Eisenhower and Crimes of the Holocaust CSPAN Video

June 12, 2011 at 6:07 pm Leave a comment

 Dear Friends,

This lecture given at the Eisenhower Presidential Library is revealing in the context of the all important role General Eisenhower played in documenting the atrocities of the Holocaust.

We think you will find it remarkable and memorable.

All the best, 

Harriet and Bill

Below is a description of the lecture and Law Professor Reicher’s biographical information.  

CLICK HERE to watch the video.

Professor Harry Reicher talked about an episode which occurred in the immediate aftermath of the Holocaust. While liberating concentration camps and witnessing sights that “beggar description,” General Eisenhower ensured the horrific scenes were captured for posterity in graphic photographs and film as he grasped the impact which visual evidence was to have in the Nuremberg Trials, and foresaw the era of Holocaust denial. “Eisenhower and the Writing of Holocaust History” was the final program in the seven-month series “Eisenhower and the Righteous Cause: The Liberation of Europe.” It was held in the Visitors Center Auditorium of the Eisenhower Presidential Library and Museum.

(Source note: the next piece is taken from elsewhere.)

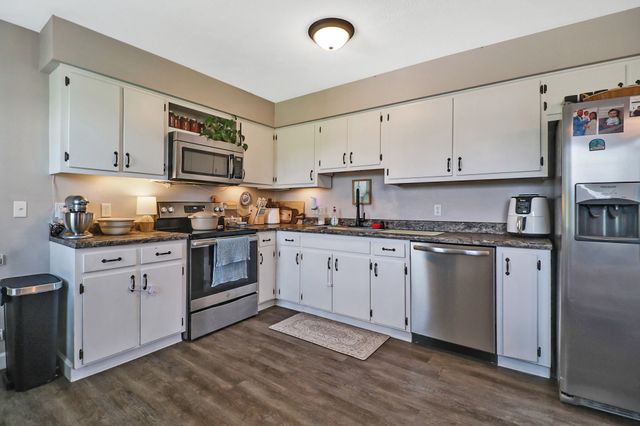 111 Cassie Ln, Grimsley, TN 38565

Born in Prague and raised in Australia, Harry Reicher is a graduate of Monash University, in Melbourne, with graduate law degrees from the University of Melbourne and Harvard Law School. From 1995-2004, he was Director of International Affairs and Representative to the United Nations of Agudath Israel World Organization, in which capacity he practiced international law and diplomacy in the field of human rights, with particular emphasis on freedom of religion. In addition, he was heavily involved in Holocaust-era restitution, reparations and compensation, and the plethora of litigation arising therefrom. As a Barrister at Law, he has argued cases before a range of courts and tribunals, including the High Court of Australia, and the courts of England, up to the House of Lords (and also in the United States). These have resulted in numerous precedent-setting judgments in the areas of international law (environmental law and human rights), taxation and corporate law. As an academic, he has taught a range of international law and taxation courses at law schools in Australia and the US. He has taught at Penn Law School since 1995, and has pioneered what is effectively a new academic discipline, combining Holocaust studies and law. In 2004, President Bush appointed him to the United States Holocaust Memorial Council. He has published in the Columbia Journal of Transnational Law and is the editor of Australian International Law: Cases and Materials, the first-ever indigenous Australian Casebook on international law. His book, “Holocaust Law: Materials and Commentary”, will shortly be ready for publication.